Jubanka
- Native name: Јубанка
- Company type: Joint-stock company
- Industry: Finance and Insurance
- Predecessor: Jubanka (1991–2005) Alpha Bank Srbija (2005–2017)
- Founded: 7 January 1991
- Defunct: 25 December 2017
- Fate: Merged into AIK Banka
- Successor: AIK Banka (since 2017)
- Headquarters: Belgrade, Serbia
- Area served: Serbia
- Products: Commercial banking, Investment banking
- Total assets: ▼€602.11 million (2016)
- Total equity: ▲€94.65 million (2016)
- Owner: AIK Banka (100%)
- Number of employees: 924 (2016) cca. 100 (December 2017)

= Jubanka =

Serbian banking and financial services company

Jubanka (Јубанка), formerly known as Alpha Bank Srbija, was a commercial bank based in Belgrade, Serbia. In December 2017, following the purchase in April 2017, it merged into AIK Banka.

==History==
The bank was founded in 1991 as Jubanka and was the fifth-largest bank in Serbia as of 2005. On 26 January 2005, Greek Alpha Bank officially agreed the purchase of an 88.64% stake in Serbian Jubanka. By June 2005, its name was changed to Alpha Bank Beograd.

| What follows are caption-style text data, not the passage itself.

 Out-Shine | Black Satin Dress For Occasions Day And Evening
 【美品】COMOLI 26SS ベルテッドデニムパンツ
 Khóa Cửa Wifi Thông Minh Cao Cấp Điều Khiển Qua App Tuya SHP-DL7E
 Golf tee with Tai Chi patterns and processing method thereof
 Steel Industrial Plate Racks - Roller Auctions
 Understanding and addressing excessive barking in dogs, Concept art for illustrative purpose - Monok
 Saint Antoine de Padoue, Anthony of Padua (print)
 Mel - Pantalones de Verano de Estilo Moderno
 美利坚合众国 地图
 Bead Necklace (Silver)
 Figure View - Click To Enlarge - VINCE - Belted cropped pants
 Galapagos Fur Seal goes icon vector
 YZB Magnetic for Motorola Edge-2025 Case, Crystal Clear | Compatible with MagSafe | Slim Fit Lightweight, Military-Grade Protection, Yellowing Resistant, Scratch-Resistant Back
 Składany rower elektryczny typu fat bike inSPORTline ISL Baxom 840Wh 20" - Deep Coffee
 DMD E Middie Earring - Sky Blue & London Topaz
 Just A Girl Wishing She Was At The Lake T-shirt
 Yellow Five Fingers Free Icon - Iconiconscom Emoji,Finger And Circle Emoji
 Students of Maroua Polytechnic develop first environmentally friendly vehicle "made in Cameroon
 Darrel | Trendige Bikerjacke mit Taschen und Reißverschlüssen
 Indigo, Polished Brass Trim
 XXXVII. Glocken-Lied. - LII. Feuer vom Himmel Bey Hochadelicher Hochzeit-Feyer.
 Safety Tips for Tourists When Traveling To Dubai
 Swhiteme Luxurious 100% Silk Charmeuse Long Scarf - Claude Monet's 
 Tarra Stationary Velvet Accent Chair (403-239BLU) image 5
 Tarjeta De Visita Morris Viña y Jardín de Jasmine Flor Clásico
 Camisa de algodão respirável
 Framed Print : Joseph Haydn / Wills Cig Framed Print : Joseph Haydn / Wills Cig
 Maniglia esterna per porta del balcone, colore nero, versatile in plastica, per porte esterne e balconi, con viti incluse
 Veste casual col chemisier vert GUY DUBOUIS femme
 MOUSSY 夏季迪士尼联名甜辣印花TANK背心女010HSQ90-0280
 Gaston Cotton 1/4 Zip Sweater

In April 2017, AIK Banka (majority owned by MK Group) purchased 100% of shares of the company, and reverted its former name Jubanka. On 22 December 2017, Jubanka has completed the process of merging into AIK Banka and more than 800 of its employees have left the company from June until December 2017. Since 25 December 2017, Jubanka operates under name AIK Banka. Also, housing and cash loans to citizens, as well as credit card debt, took Société Générale Srbija.